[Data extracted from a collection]
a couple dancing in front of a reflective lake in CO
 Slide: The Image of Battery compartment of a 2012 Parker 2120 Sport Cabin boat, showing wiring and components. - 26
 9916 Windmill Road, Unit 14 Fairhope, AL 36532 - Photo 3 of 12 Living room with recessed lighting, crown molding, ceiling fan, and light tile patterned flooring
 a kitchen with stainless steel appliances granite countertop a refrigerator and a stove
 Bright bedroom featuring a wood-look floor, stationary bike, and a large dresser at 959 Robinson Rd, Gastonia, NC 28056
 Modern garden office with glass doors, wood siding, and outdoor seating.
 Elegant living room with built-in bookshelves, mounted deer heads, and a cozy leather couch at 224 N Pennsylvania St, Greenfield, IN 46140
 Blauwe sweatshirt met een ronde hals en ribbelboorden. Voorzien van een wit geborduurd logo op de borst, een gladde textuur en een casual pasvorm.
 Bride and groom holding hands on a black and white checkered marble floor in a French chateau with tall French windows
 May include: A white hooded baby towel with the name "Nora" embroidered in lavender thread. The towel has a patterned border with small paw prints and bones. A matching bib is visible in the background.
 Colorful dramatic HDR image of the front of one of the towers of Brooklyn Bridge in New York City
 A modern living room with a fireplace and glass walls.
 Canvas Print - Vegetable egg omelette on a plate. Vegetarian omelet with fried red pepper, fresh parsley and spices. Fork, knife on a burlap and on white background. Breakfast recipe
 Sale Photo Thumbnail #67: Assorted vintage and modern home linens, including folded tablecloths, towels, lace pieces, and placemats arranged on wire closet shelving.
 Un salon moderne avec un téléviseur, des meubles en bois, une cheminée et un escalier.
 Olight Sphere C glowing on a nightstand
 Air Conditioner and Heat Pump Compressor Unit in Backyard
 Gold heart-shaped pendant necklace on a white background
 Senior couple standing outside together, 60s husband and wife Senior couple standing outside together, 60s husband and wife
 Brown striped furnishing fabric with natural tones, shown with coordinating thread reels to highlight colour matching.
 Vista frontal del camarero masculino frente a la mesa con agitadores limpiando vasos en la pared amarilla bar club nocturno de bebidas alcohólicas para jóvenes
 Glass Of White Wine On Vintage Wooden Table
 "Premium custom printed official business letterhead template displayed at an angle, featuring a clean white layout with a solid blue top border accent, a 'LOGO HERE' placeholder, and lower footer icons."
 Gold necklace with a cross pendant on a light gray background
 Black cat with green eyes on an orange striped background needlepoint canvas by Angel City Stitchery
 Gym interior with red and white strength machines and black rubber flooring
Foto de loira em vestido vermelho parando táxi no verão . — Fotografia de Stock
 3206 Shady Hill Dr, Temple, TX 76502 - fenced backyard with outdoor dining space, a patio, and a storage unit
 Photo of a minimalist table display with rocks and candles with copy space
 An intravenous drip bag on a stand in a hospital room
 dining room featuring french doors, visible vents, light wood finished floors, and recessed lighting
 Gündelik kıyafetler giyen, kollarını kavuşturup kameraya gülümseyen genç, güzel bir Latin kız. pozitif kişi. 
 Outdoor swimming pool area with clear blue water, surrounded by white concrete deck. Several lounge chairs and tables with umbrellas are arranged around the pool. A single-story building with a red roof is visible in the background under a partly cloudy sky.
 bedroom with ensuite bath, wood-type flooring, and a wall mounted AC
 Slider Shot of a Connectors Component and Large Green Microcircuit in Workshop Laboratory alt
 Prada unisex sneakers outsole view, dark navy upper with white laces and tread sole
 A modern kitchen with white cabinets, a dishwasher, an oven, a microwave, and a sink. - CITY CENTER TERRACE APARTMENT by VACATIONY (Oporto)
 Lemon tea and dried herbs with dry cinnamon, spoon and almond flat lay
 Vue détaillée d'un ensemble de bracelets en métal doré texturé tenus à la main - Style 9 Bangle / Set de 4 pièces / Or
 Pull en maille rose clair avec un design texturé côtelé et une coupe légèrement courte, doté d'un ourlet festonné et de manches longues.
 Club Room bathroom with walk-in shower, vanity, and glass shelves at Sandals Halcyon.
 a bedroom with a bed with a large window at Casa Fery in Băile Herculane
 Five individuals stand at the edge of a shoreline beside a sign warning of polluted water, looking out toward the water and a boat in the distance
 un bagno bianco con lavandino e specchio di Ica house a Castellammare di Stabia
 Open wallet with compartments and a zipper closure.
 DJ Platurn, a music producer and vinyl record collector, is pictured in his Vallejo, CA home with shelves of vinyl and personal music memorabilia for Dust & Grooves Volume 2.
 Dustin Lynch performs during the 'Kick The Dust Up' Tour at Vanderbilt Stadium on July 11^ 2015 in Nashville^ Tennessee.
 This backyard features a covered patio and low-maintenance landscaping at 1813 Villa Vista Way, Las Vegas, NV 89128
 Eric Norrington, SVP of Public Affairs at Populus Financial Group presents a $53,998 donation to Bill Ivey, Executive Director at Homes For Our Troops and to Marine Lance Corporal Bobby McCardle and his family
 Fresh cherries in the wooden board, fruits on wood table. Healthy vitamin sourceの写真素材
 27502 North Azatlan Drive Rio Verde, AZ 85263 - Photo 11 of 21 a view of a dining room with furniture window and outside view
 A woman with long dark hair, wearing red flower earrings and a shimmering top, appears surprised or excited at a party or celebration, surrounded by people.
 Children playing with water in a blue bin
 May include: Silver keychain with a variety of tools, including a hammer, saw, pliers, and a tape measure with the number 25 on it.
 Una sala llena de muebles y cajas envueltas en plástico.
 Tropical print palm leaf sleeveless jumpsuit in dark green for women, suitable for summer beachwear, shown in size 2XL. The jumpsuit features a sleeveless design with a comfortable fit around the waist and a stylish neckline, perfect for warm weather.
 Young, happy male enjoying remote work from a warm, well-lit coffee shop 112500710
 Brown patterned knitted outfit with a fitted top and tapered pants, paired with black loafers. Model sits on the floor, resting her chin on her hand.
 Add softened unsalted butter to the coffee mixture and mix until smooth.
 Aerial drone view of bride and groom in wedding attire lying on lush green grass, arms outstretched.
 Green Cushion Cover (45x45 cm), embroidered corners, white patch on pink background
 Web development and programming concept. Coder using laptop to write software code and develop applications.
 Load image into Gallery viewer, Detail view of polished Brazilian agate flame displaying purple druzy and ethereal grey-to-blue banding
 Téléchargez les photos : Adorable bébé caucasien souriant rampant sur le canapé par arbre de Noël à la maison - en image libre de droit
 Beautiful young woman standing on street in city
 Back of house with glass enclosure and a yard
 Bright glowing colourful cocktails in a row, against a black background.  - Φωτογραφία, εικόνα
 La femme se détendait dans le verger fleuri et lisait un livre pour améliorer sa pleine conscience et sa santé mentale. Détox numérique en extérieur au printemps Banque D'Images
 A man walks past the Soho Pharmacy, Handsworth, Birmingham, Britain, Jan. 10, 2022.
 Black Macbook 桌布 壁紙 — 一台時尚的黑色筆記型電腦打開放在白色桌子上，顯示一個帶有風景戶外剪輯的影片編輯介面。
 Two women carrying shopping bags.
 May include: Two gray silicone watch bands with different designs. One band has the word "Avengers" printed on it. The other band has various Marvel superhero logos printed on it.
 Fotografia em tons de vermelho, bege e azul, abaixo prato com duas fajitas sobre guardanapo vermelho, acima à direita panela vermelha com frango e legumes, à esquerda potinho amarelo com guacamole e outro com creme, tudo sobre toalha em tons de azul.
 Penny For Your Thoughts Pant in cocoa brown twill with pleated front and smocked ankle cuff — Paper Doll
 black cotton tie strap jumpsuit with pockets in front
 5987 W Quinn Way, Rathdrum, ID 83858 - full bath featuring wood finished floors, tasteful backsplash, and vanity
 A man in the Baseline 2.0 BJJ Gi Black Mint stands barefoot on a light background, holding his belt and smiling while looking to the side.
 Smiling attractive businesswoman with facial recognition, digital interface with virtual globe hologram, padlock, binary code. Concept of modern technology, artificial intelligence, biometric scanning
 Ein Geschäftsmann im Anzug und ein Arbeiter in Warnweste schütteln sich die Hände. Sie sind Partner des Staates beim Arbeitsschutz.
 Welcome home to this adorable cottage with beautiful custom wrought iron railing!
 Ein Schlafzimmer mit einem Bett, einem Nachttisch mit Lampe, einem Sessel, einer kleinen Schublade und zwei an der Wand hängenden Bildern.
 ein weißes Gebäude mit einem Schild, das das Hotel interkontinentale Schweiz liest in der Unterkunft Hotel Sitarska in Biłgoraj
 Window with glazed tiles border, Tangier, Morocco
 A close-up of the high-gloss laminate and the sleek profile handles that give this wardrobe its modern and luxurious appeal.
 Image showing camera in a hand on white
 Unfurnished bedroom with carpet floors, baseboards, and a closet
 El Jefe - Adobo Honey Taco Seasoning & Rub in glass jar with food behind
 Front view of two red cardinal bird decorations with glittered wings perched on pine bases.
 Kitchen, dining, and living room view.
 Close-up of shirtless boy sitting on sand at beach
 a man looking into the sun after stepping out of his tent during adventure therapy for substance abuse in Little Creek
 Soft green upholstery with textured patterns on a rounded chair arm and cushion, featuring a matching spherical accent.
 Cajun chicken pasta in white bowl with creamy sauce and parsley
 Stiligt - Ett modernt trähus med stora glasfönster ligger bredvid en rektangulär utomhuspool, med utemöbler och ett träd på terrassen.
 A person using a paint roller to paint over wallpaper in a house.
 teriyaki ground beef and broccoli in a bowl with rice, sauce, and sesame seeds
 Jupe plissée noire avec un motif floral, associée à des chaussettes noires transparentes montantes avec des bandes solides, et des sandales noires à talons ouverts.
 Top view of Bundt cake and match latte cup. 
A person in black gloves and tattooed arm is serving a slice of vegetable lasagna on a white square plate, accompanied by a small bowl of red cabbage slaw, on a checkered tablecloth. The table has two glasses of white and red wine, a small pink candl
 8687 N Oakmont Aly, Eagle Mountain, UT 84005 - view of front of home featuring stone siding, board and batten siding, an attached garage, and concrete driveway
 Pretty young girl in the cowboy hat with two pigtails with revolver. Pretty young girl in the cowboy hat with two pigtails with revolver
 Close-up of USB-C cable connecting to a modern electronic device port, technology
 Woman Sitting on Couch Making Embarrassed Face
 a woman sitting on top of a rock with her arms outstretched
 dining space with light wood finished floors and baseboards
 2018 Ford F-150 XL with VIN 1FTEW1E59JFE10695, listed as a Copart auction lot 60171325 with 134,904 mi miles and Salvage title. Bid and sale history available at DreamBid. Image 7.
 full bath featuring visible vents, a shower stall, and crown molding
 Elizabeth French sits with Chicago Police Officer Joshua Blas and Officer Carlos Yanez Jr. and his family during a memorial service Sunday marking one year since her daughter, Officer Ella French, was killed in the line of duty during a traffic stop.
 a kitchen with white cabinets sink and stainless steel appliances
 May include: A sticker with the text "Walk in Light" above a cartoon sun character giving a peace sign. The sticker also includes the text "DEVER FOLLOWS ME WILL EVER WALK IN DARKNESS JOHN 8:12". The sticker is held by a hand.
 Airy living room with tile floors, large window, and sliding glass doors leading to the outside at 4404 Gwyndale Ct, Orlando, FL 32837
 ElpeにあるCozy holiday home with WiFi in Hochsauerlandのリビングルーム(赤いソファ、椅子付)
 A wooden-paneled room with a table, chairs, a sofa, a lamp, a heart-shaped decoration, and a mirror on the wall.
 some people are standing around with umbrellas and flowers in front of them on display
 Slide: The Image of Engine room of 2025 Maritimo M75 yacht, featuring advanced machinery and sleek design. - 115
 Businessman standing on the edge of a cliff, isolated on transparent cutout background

- TASK STATEMENT -
Only the lines from the first line of the records through the line with "Un salon moderne" should be reproduced, exactly and with nothing added.

- RESPONSE TO THIS EXERCISE -
a couple dancing in front of a reflective lake in CO
 Slide: The Image of Battery compartment of a 2012 Parker 2120 Sport Cabin boat, showing wiring and components. - 26
 9916 Windmill Road, Unit 14 Fairhope, AL 36532 - Photo 3 of 12 Living room with recessed lighting, crown molding, ceiling fan, and light tile patterned flooring
 a kitchen with stainless steel appliances granite countertop a refrigerator and a stove
 Bright bedroom featuring a wood-look floor, stationary bike, and a large dresser at 959 Robinson Rd, Gastonia, NC 28056
 Modern garden office with glass doors, wood siding, and outdoor seating.
 Elegant living room with built-in bookshelves, mounted deer heads, and a cozy leather couch at 224 N Pennsylvania St, Greenfield, IN 46140
 Blauwe sweatshirt met een ronde hals en ribbelboorden. Voorzien van een wit geborduurd logo op de borst, een gladde textuur en een casual pasvorm.
 Bride and groom holding hands on a black and white checkered marble floor in a French chateau with tall French windows
 May include: A white hooded baby towel with the name "Nora" embroidered in lavender thread. The towel has a patterned border with small paw prints and bones. A matching bib is visible in the background.
 Colorful dramatic HDR image of the front of one of the towers of Brooklyn Bridge in New York City
 A modern living room with a fireplace and glass walls.
 Canvas Print - Vegetable egg omelette on a plate. Vegetarian omelet with fried red pepper, fresh parsley and spices. Fork, knife on a burlap and on white background. Breakfast recipe
 Sale Photo Thumbnail #67: Assorted vintage and modern home linens, including folded tablecloths, towels, lace pieces, and placemats arranged on wire closet shelving.
 Un salon moderne avec un téléviseur, des meubles en bois, une cheminée et un escalier.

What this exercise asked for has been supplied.